По дороге к себе и еще очень долго у себя дома я перебирал в уме то, чего я наслушался у сестры Шестова. Конечно, ее суждения о брате были предвзятыми. Очевидно, это общая черта всей семьи. Однако же в одном надо было согласиться с Фаней Исааковной, а это была, по всей вероятности, настоящая подоплека несуразной пляски ее чувств: если Лев Шестов — загадка, если увидеть его в полусвете современных сумерек, то соизмерим он лишь с загадками мировыми. Я перебирал и сравнивал отзывы, доходившие до меня в неожиданном виде от людей, хорошо знавших Шестова, начиная с Григория Ительсона и кончая Ивановым-Разумником, Бердяевым, Ремизовым и Ольгой Форш. Ольга Дмитриевна обрушилась однажды с полувосточной страстностью своей на мелочность Льва Исааковича: «Подумать только, и это называется великий мыслитель, великий печальник рода человеческого!» Она не могла простить ему бессердечности, якобы проявленной Шестовым к ее сыну Диме. «В киевские годы мы таких называли „рыцарями Денежки“, а теперь, в эмиграции, он превратился в истинно русского „сантимника“». Я не сомневался, что тогда, в 1922 году, Ольга Форш искренно была разочарована в Шестове и что именно поэтому она, может быть, так страстно была придирчива. Возможно, что и обида родной сестры Шестова, сводившей счеты с братом, основана на той же почве и отождествляется с обидой четы Ремизовых? Не кроется ли во всем этом нечто антимужское? «Ага! — продолжал я рассуждать с самим собой. — Провел вечер в кулуарах Фрейда и сразу заразился фрейдианством!» Но тут меня осенило… Я нашел ключ, который впоследствии всегда оставался у меня под рукой.
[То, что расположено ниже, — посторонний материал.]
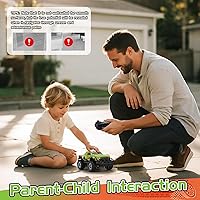 Vista 7 de Camión todoterreno con control remoto, auto RC de 2.4 GHz con luces LED, vehículo todoterreno a escala 1:20, camión RC rojo, auto a control remoto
Я думал, что не случайно две женщины так глубоко задеты действительными или воображаемыми слабостями Льва Шестова. И подкладка тут, пожалуй, женская. Конечно, это только подтверждает особое чутье, особую женскую восприимчивость по отношению к целостности человеческой личности. Совершенство для женщин не только идеал, но и реальное восприятие того, что могло бы осуществиться. Они, женщины, больше в потенции, чем в действии и действительности. Вот почему им так трудно примириться с проявлением неопределенного несовершенства. Для Разумника Васильевича Шестов — законный владелец почетного места в книжном шкафу, интересный экспонат на всемирной выставке русской литературы, а в каком переплете, в каком сплетении человеческих черт он подан потомству, — вопрос неинтересный и почти неуместный. Так же точно и для Бердяева все «человеческое, слишком человеческое»[752]
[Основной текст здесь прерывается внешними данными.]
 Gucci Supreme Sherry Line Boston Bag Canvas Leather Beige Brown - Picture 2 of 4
остается в «русском Ницше» за изгородью кладбища идей; на нем, на кладбище этом, останется надгробный камень с им, Бердяевым, сочиненной эпитафией. Чего же больше? Иное дело родная сестра; иное дело Ольга Форш, которая, чувствуя тягу к кому-либо в особенности, не задумывалась признаться вслух в своей «братской любви». Шестова Ольга Форш когда-то, как-то по-своему очень любила. И его неприятие на скошенных полях разочарования, естественно, торчит острым укором: сколько было раньше теплоты и восторженного признания, столько градусов жгучего колючего мороза осталось после разочарования в отвергнутом идеале. Из всего этого как будто следует, что, по существу, на Шестова невозможно было не возлагать какие-то необыкновенные надежды, что в сути его было нечто сродни, ну скажем, к примеру, — Блоку, который кончил, и так рано кончил, отчаянием и разочарованием в самом себе.Шестов и Блок — какое неожиданное сопоставление, — продолжал я спорить с собою уже после того, как выключил свет, — не годится это: ни как сопоставление, ни как противопоставление. Разве что обоих включить в исключительно широкую картину человеческих судеб, в свете красок которой нет ни эллина, ни иудея. И не в том ли дело, что Шестов не пародия, а анахронизм? Эта еще не совсем ясная для меня формула усыпила меня, как снотворное.